The latest round of UN climate talks have made slow progress on refining a negotiating text for the Paris summit in December, the focal point for efforts to agree curbs on greenhouse gas emissions in developed and developing countries.
Despite two weeks of talks at an interim meeting in the German city of Bonn, most of the contradictory proposals that littered the previous 90-page document remain, meaning that the next few rounds of talks in August and October will have to shoulder the burden of distilling a negotiating text by December.
France’s climate ambassador Laurence Tubiana said that the tough, painstaking work of refining the document could still deliver real benefits in time for Paris.
“It’s like having a baby, sometimes you don’t know exactly when the baby will be born,” she told a press conference.
Tubiana added: “Everyone is feeling the frustration, but we should not be frustrated or disappointed because these are really necessary conditions for Paris.”
Familiar disputes blocked progress at the mainly technical meeting in Bonn, which was being held around 500km away from this week’s G7 summit in Bavaria.
G7 leaders announced a long-term, but non-binding, decarbonisation target and increased insurance for countries most vulnerable to climate change.
But in Bonn rich nations failed to give greater clarity on how rich economies will deploy US$100 billion of climate finance a year from 2020.

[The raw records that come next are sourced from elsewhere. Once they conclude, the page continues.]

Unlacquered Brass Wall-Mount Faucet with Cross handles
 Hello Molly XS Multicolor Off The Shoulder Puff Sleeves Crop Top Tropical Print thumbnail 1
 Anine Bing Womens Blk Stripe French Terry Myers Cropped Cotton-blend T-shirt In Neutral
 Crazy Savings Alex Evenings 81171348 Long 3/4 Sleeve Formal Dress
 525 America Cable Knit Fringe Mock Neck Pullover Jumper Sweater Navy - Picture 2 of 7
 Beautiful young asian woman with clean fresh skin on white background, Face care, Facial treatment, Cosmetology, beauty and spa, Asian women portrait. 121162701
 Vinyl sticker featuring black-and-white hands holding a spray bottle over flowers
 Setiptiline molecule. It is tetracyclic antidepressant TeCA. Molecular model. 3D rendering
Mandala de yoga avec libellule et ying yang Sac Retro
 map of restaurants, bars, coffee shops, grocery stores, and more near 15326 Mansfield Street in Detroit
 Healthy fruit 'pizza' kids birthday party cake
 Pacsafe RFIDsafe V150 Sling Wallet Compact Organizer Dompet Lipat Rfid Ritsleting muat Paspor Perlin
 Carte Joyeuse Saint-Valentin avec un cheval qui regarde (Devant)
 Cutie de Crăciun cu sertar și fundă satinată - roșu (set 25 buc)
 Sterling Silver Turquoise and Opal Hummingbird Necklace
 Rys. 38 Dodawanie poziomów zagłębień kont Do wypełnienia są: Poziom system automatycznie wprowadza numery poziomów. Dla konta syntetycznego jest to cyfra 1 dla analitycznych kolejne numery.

Major rifts also remained on the legal basis of a future agreement, and the extent that large fast-developing economies such as China and India will be accountable for planned curbs on GHG emissions.
There were breakthroughs on a few important elements though, including an unexpected resolution of technical issues related to avoiding the destruction and degradation of forests, making it more likely that a protection scheme can be agreed in Paris.
Although many NGOs said they remained hopeful that a meaningful deal can be done in Paris, they expressed disappointment at the slow pace in a week that G7 leaders for the first time agreed that emissions from fossil fuel use should be phased out by the end of the century.
Finance
“This week strong signals were sent for ambitious climate action from outside the negotiations, but they did not inspire a faster pace in Bonn,” said Jennifer Morgan, global director at the World Resources Institute.
The two co-chairs of discussions on a future negotiating text will in July present a ‘tidied-up’ version of a text that retains many of the elements from a previous UN meeting in February.
Meanwhile, France will next month present greater detail on proposals for climate finance, an issue that will likely need to be resolved for the Paris summit to deliver a deal.
Text ‘needs a good clean’
“The text which will make up the Paris agreement is like a lens we’re all looking through to a safe and secure world. At the moment it’s a bit grubby and hard to see through. The co-chairs of the negotiations on the Paris agreement need to go away and give it a good clean so that leaders can see what needs to be done,” said Mohamed Adow, senior climate change advisor at Christian Aid.
The Bonn meeting also failed to bridge distrust on the extent to which developing countries should commit to future emissions cuts in national climate plans that all countries are required to submit to the UN.
China’s climate plan, or INDC in UN jargon, will likely be published next week but is not expected to include an absolute cap or provide details on whether the world’s largest emitter will regularly scale up emissions targets beyond a previously-announced 2030 peak.
National plans
The EU and other developed country negotiators want to scrutinise the extent to which developing countries cuts will be line with an overall aim to restrict growth in the global average temperatures to 2C.
However climate plans from the EU and US would also need to scaled up drastically and speedily to prevent further damage from a warming climate, say the world’s most vulnerable countries.
China’s chief negotiator Su Wei said talks about the procedure for a new UN climate regime had gone so slowly there was no time to discuss how the emissions cuts were stacking up.
“It has taken us 10 days here discussing procedural matters and we have made hardly any progress,” he told the BBC. “We cannot add any more items to the agenda to be discussed before Paris.”